*Recorded data*.
=== Section Start ===

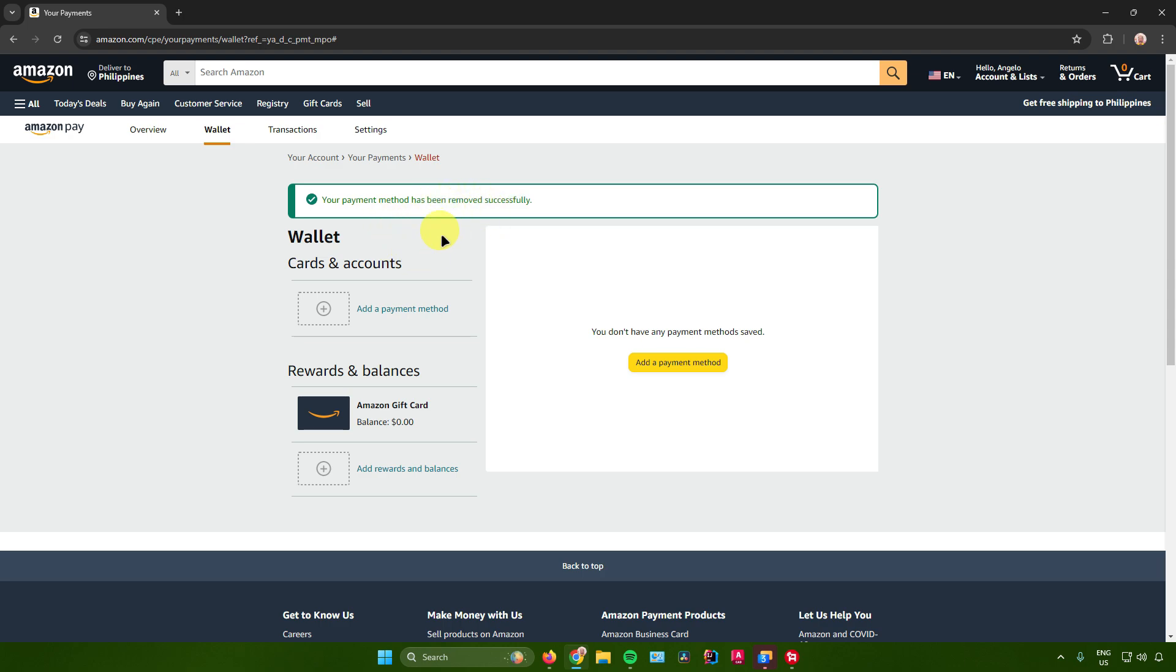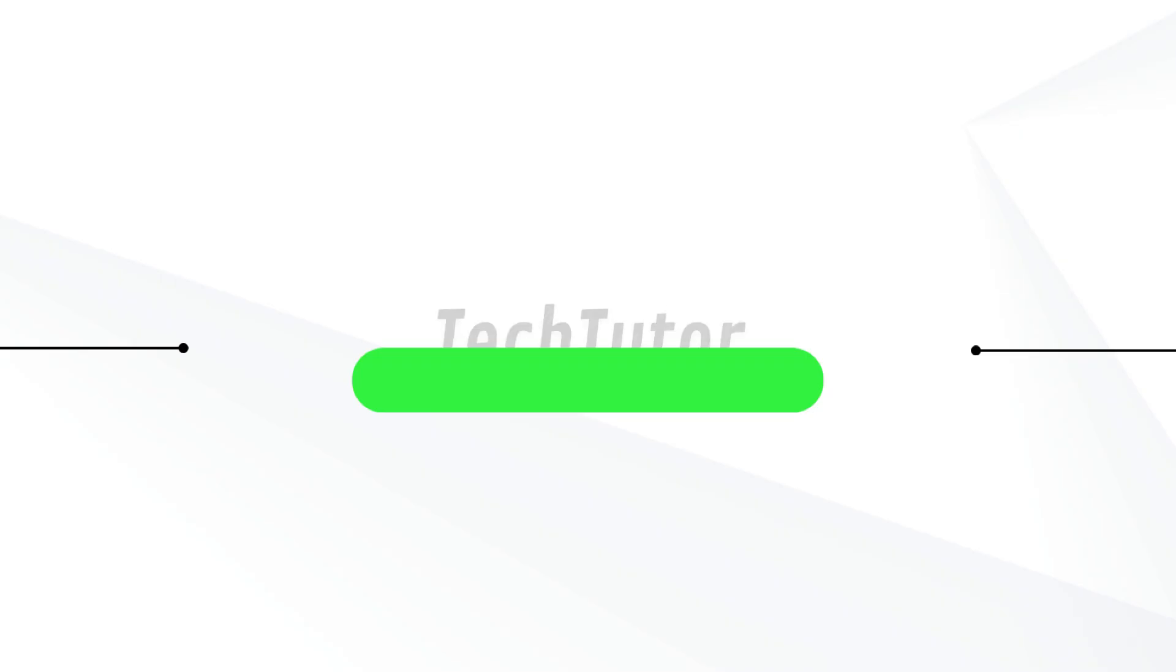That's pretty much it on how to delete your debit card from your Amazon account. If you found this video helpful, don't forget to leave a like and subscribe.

=== Section End ===
=== Section Start ===

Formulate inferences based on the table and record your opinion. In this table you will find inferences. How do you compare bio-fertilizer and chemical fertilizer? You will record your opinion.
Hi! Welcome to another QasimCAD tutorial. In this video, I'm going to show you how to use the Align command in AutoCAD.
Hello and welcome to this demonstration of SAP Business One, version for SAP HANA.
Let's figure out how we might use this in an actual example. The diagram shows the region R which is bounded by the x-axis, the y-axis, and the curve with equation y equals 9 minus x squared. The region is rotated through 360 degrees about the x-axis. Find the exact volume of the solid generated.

=== Section End ===

*Assignment*. Beginning with the line containing "Hello and welcome" in the material above, copy every line exactly until you have copied the line containing "Let's figure out".

*Task result*.
Hello and welcome to this demonstration of SAP Business One, version for SAP HANA.
Let's figure out how we might use this in an actual example. The diagram shows the region R which is bounded by the x-axis, the y-axis, and the curve with equation y equals 9 minus x squared. The region is rotated through 360 degrees about the x-axis. Find the exact volume of the solid generated.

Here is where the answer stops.